10 II. Diese Ausführungen des Landesarbeitsgerichts sind nicht frei von Rechtsfehlern. Sie halten den
Angriffen der Revision jedoch im Ergebnis stand.
11 1. Das Landesarbeitsgericht hat zutreffend erkannt, dass der Klägerin aufgrund der
Tarifgebundenheit beider Parteien (§ 4 Abs. 1 Satz 1 TVG) gemäß § 18 Nr. 1 Satz 1 BRTV für das
Jahr 2005 eine Sonderzahlung in Höhe von 100 % des tariflichen Monatsverdienstes und damit
iHv. 1.403,61 Euro brutto zusteht. Über die Höhe des tariflichen Monatsverdienstes der Klägerin
und damit auch die Höhe der ungekürzten tariflichen Sonderzahlung besteht kein Streit. Bei
Berücksichtigung der vom Beklagten im November 2005 geleisteten Sonderzahlung iHv.
736,96 Euro brutto ergibt sich der von der Klägerin beanspruchte Differenzbetrag iHv. 666,65 Euro
brutto.
12 2. Auch die Annahme des Landesarbeitsgerichts, der Beklagte habe nicht hinreichend konkret
dargelegt, dass er nach § 18 Nr. 6 Satz 1 BRTV berechtigt gewesen sei, die Sonderzahlung für
das Kalenderjahr 2005 aus wirtschaftlichen Gründen zu kürzen, hält den Angriffen der Revision im
Ergebnis stand. Zu Unrecht meint der Beklagte, seine Entscheidung, die tarifliche Sonderzahlung
zu kürzen, dürfe von den Gerichten nicht überprüft werden. Die Entscheidung des
Apothekeninhabers, die tarifliche Sonderzahlung zu kürzen, unterliegt der gerichtlichen Kontrolle.
Dies ergibt die Auslegung der tariflichen Regelung.

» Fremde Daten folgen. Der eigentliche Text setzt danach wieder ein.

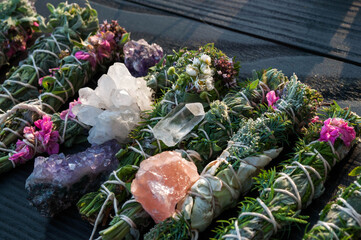 Smudge sticks and crystals on a black wooden table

13 a) Die Auslegung des normativen Teils eines Tarifvertrags folgt nach ständiger Rechtsprechung
des Bundesarbeitsgerichts den für die Auslegung von Gesetzen geltenden Regeln (20. Juni 2007 -
10 AZR 291/06 - EzTöD 400 Eingruppierung BAT Sozial- und Erziehungsdienst Heimzulage Nr. 1
mwN) . Danach ist zunächst vom Tarifwortlaut auszugehen, wobei der maßgebliche Sinn der
Erklärung zu erforschen ist, ohne am Buchstaben zu haften. Bei einem nicht eindeutigen
Tarifwortlaut ist der wirkliche Wille der Tarifvertragsparteien mit zu berücksichtigen, soweit er in
den tariflichen Normen seinen Niederschlag gefunden hat. Abzustellen ist stets auf den tariflichen
Gesamtzusammenhang, weil dieser Anhaltspunkte für den wirklichen Willen der
Tarifvertragsparteien liefert und nur so der Sinn und der Zweck der Tarifnorm zutreffend ermittelt
werden können. Lässt dies zweifelsfreie Auslegungsergebnisse nicht zu, können die Gerichte für
Arbeitssachen ohne Bindung an eine Reihenfolge weitere Kriterien wie die Entstehungsgeschichte
des Tarifvertrags, gegebenenfalls auch die praktische Tarifübung ergänzend hinzuziehen. Auch
die Praktikabilität denkbarer Auslegungsergebnisse ist zu berücksichtigen. Im Zweifel gebührt
derjenigen Tarifauslegung der Vorzug, die zu einer vernünftigen, sachgerechten, zweckorientierten
und praktisch brauchbaren Regelung führt (BAG 19. Januar 2000 - 4 AZR 814/98 - BAGE 93, 229)
. Enthält ein Tarifvertrag unbestimmte Rechtsbegriffe, haben die Tatsachengerichte bei der
Subsumtion einen Beurteilungsspielraum. Das Revisionsgericht kann seine Anwendung nur
daraufhin überprüfen, ob das angefochtene Urteil den Rechtsbegriff selbst verkannt hat, ob es bei
der Subsumtion des Sachverhalts Denkgesetze oder allgemeine Erfahrungssätze verletzt hat, ob
es alle wesentlichen Umstände berücksichtigt hat und ob es in sich widerspruchsfrei ist (BAG
20. Juni 2007 - 10 AZR 291/06 - aaO mwN) .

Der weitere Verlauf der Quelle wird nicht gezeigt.